This is solved using a RepeatVector layer (keras). This layer simply repeats the provided 2D input multiple times to create a 3D output. The RepeatVector is configurated to repeat the fixed length vector one time for each time step in the output sequence (the length of the target sequence).

So two components are absolutely critical in Seq2Seq Encoder-Decoder architectures:

  • The RepeatVector is used as an adapter to fit the fixed-sized 2D output of the encoder to the length and 3D input expected by the decoder.
  • The TimeDistributed wrapper allows the same output layer to be reused for each element in the output sequence.

This encoder-decoder design is very popular for several sequence-to-sequence tasks, not just Machine Translation. It is effective for Movement detection and classification (video), question-answering, image captioning for instance. You can check out an implementation of Image Captioning in my projects here.

Neural Machine Translation models vary in terms of their exact architectures.

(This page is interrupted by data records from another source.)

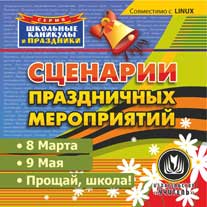 Сценарии праздничных мероприятий. Компакт-диск для компьютера: 8 марта. 9 мая. Прощай, школа!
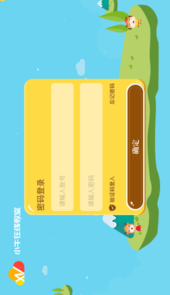 小牛课堂app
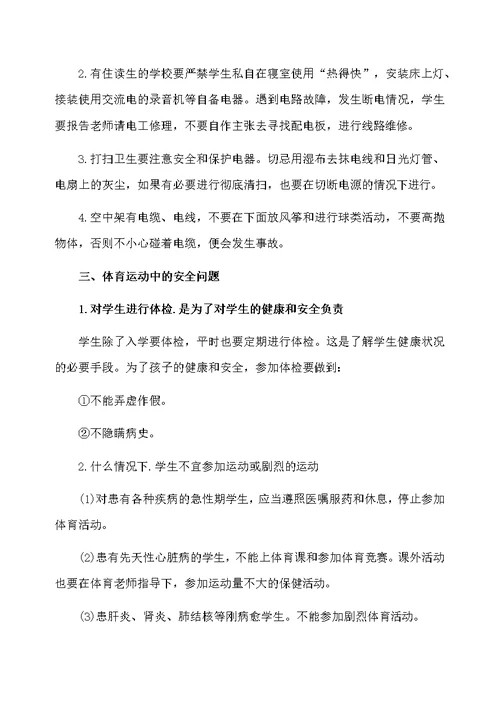 安全教育黑板报内容资料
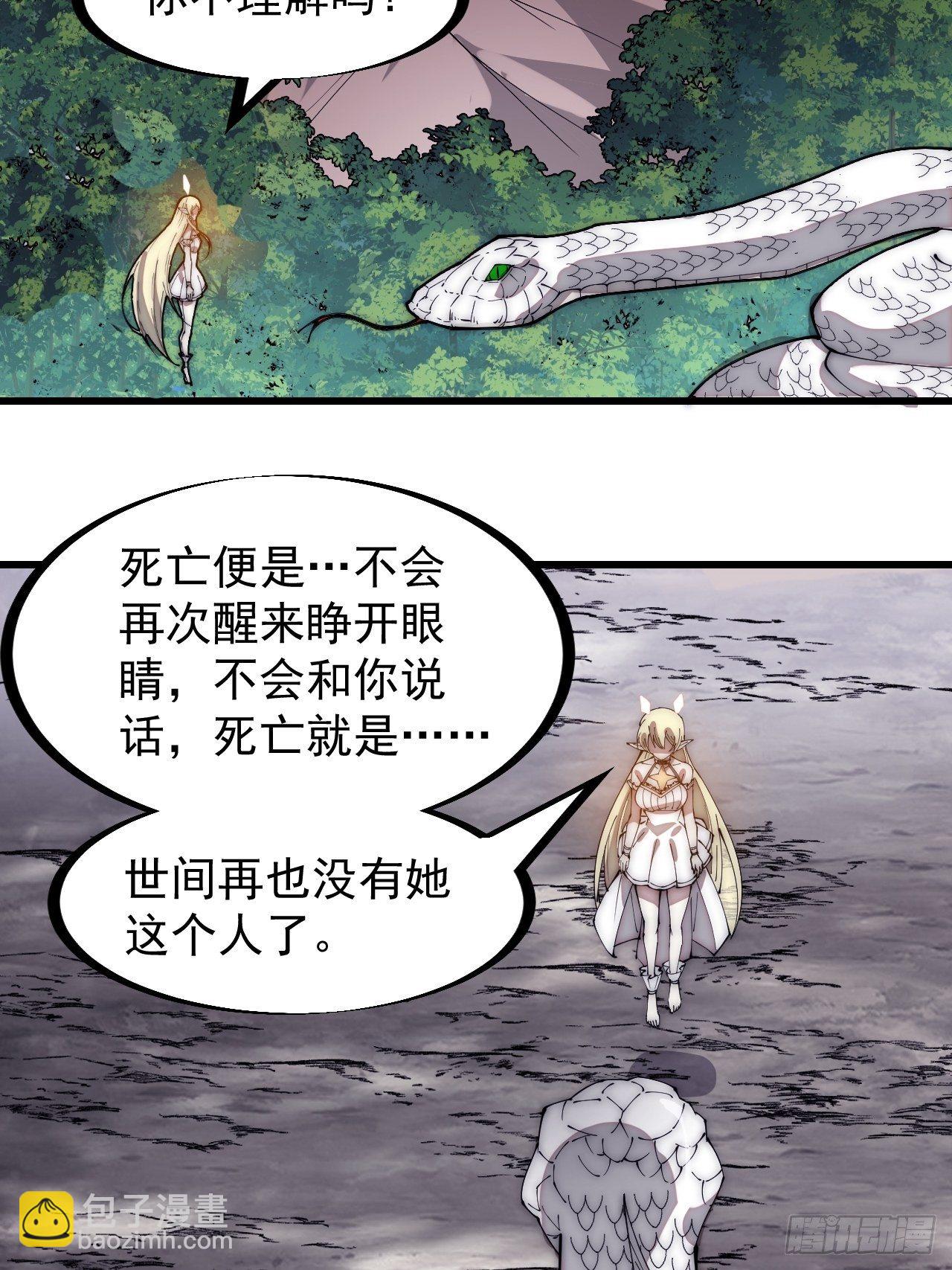 第二百七十五话：白蛇的一生9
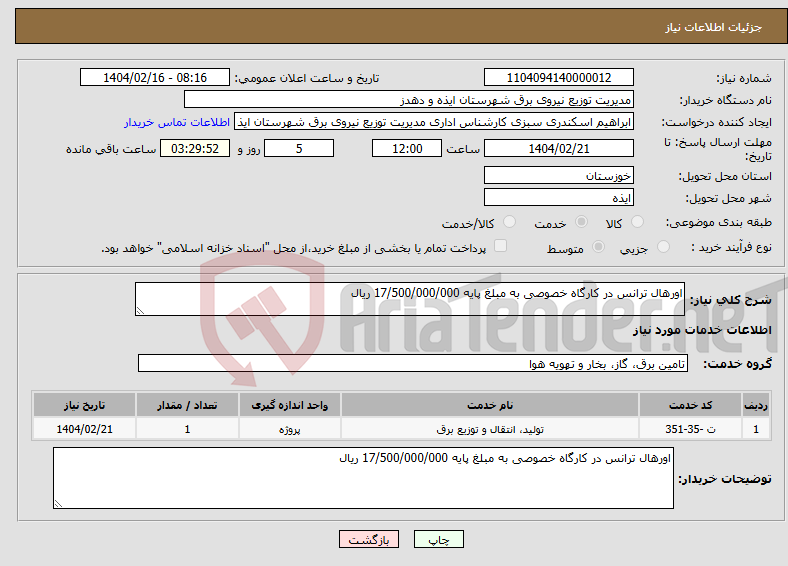 تصویر کوچک آگهی نیاز انتخاب تامین کننده-اورهال ترانس در کارگاه خصوصی به مبلغ پایه 17/500/000/000 ریال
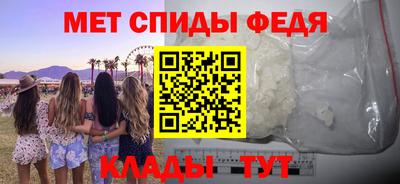 PSILOCYBIN Ирбит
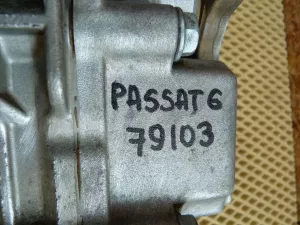Коробка раздаточная VW Passat [B6] 2005-2010 (02M409050AX) — фото 17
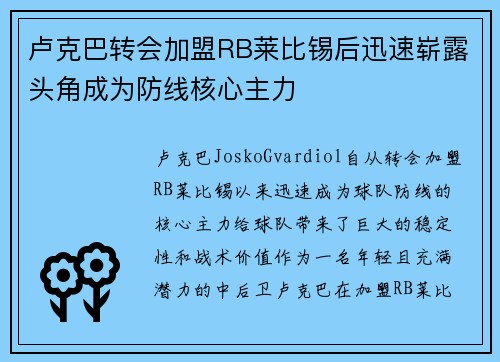 卢克巴转会加盟RB莱比锡后迅速崭露头角成为防线核心主力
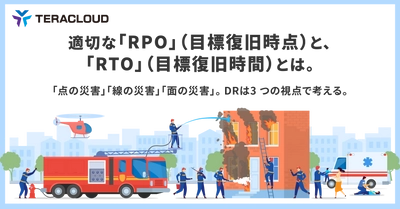 【資料公開】適切な「RPO」(目標復旧時点)と、「RTO」(目標復旧時間)とは。「点の災害」「線の災害」「面の災害」。DR は3 つの視点で考える。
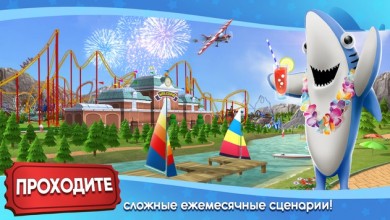 Скачать RollerCoaster Tycoon Touch [ВЗЛОМ: много монет] v 3.17.4 для Андроид
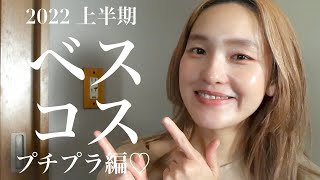 【ベスコス2022】プチプラコスメの上半期ベスコスを発表‼️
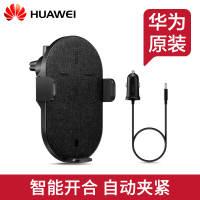 车载无线充电器27w车充原装Mate30Pro车用手机超级快充全自动5g智能感应mate2|无线车充27W[CP39S]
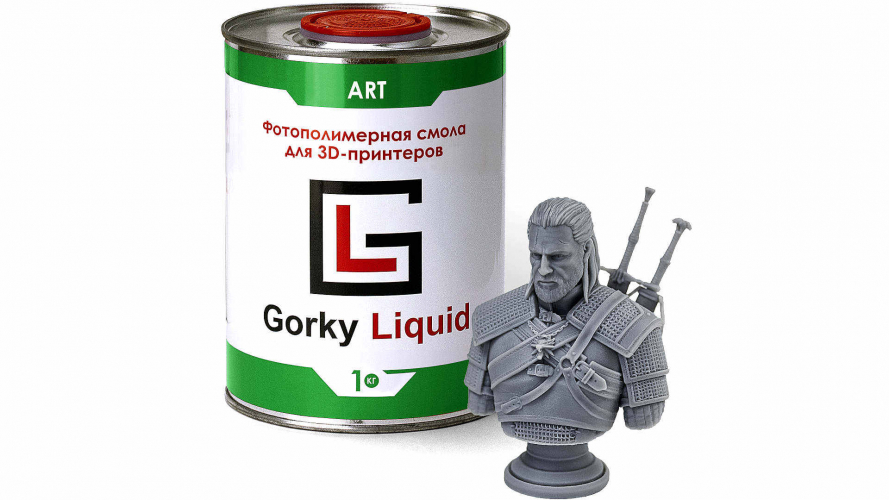 Фотополимер Gorky Liquid ART (1 кг)
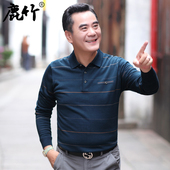 休闲秋季 中老年人爸爸春装 上衣爷爷 男装 中年男士 长袖 t恤宽松大码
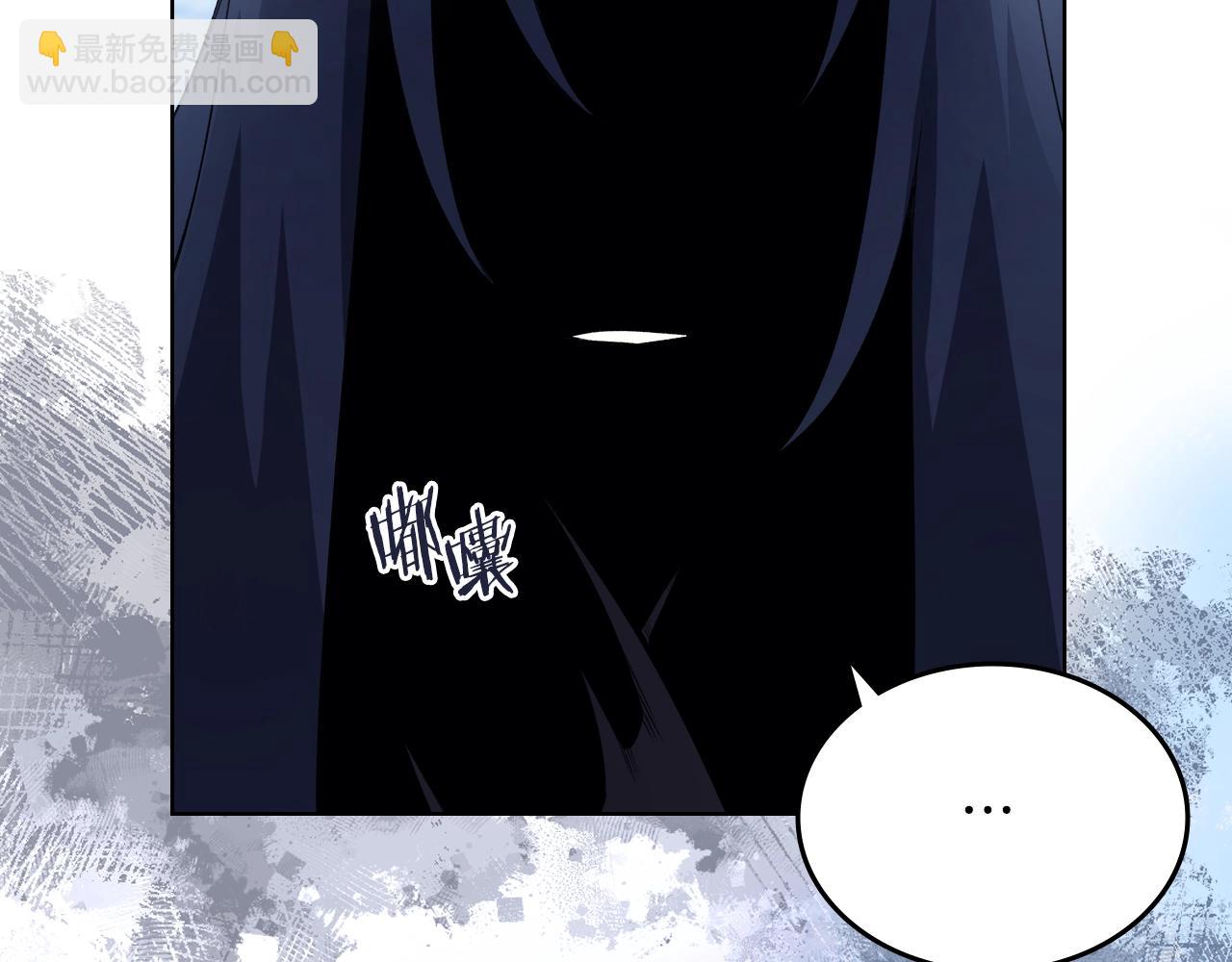 重生之我在魔教耍長槍 - 第56話 真相(3/4) - 4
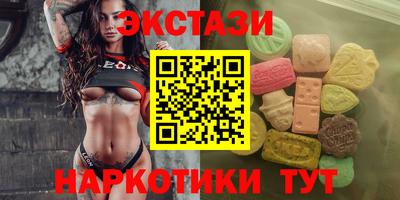 MDMA Бузулук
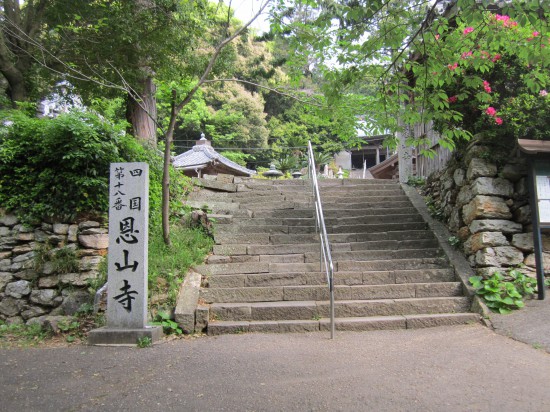 恩山寺到着！このとき「三面大黒」さんがいる事にまだ気づいていない自分(^^；　そのままなにも言わず通り過ぎて失礼しました。(_0_)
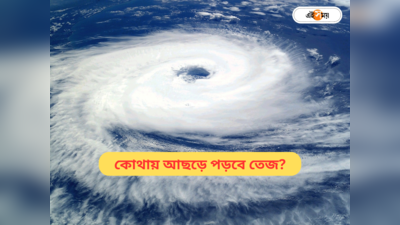 Cyclone Tej Live Update : নবমীর আগেই দুর্যোগের কালো মেঘ! অতি শক্তিশালী ঘূর্ণিঝড়ে পরিণত হল তেজ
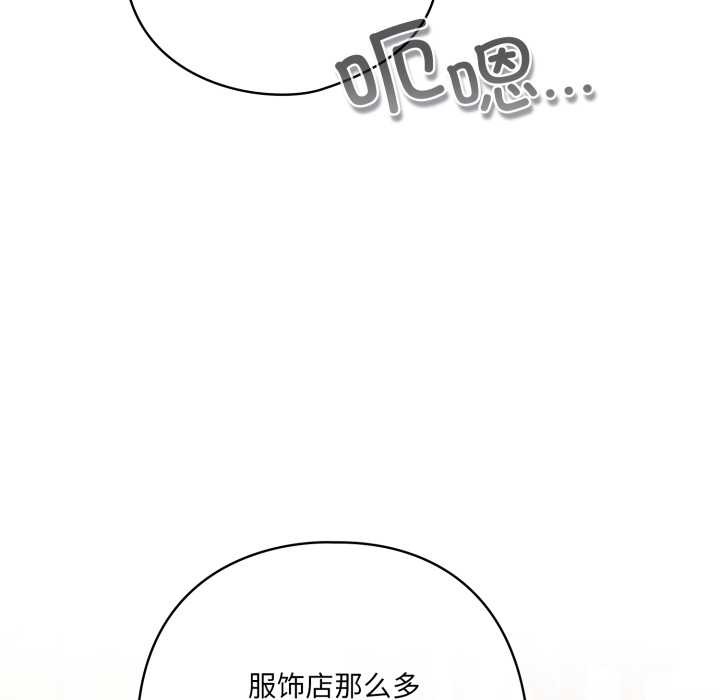 喵来的恋爱第50話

A natural choice for sequential data is the recurrent neural network (RNN), used by most NMT models. Usually an RNN is used for both the encoder and decoder. The RNN models, however, differ in terms of: (a) directionality – unidirectional or bidirectional; (b) depth – single- or multi-layer; and (c) type – often either a vanilla RNN, a Long Short-term Memory (LSTM), or a gated recurrent unit (GRU). Bidirectionality on the encoder side generally gives better performance (with some degradation in speed as more layers are used).

Project structure and content

Steps:

  • Preprocess - Convert text to sequence of integers. A pipeline to feed the models is first elaborated.
  • Models - Create models which accepts a sequence of integers as input and returns a probability distribution over possible translations
  • Prediction - Run the model on English text to return French translation.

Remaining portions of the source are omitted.